=== Given material ===
-.-.-
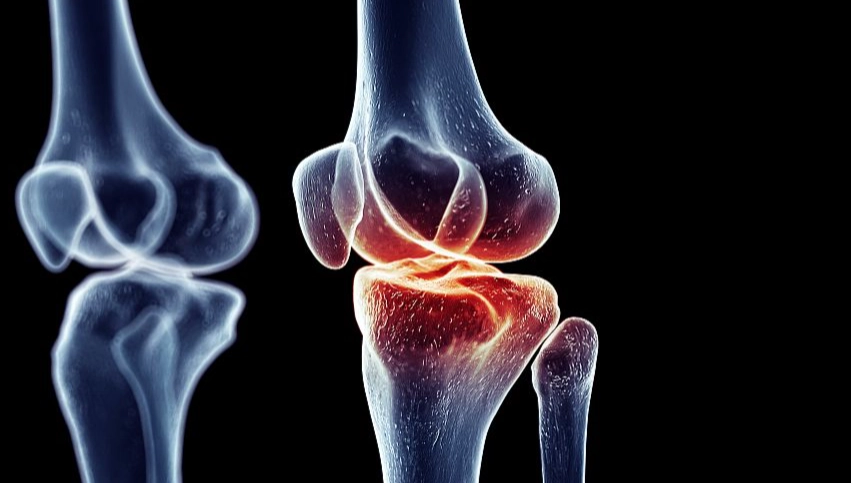 类风湿关节炎治疗 类风湿关节炎治疗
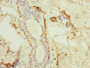 Immunohistochemistry of paraffin-embedded human breast cancer using CAC13262 at dilution of 1:100 Immunohistochemistry of paraffin-embedded human breast cancer using CAC13262 at dilution of 1:100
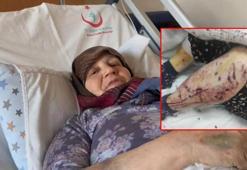 7 sahipsiz köpek 66 yaşındaki kadına dehşeti yaşattı!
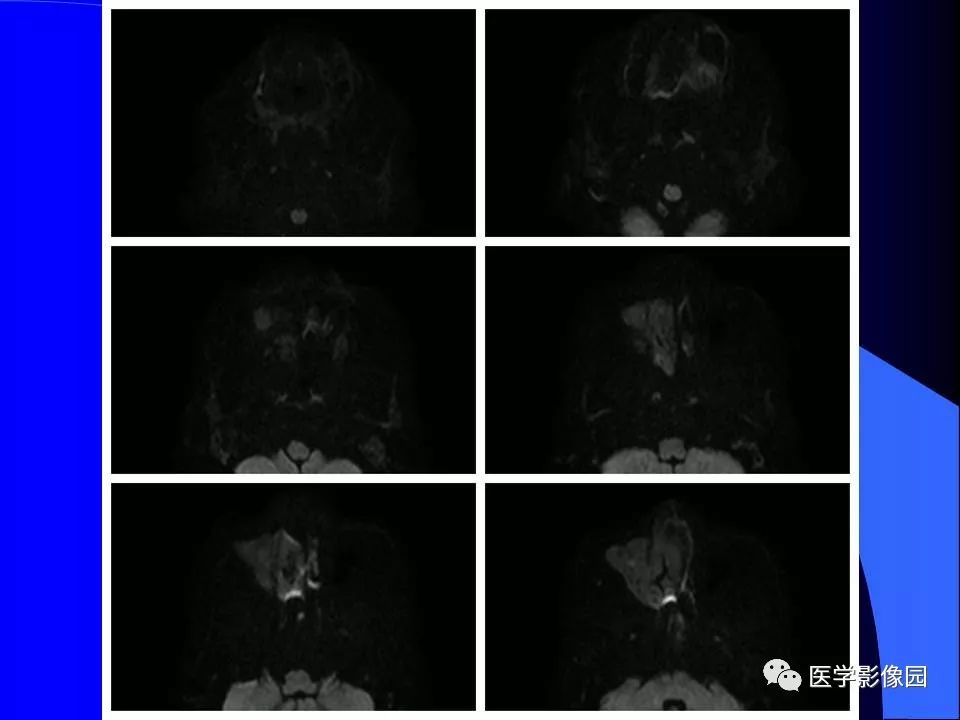 【病例】鼻腔内翻型乳头状瘤1例CT及MR影像诊断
-.-.-
=== Task to complete ===
Return the material exactly as written, except for any pictures it holds.

=== Task response ===
 类风湿关节炎治疗 类风湿关节炎治疗
 Immunohistochemistry of paraffin-embedded human breast cancer using CAC13262 at dilution of 1:100 Immunohistochemistry of paraffin-embedded human breast cancer using CAC13262 at dilution of 1:100
 7 sahipsiz köpek 66 yaşındaki kadına dehşeti yaşattı!
 【病例】鼻腔内翻型乳头状瘤1例CT及MR影像诊断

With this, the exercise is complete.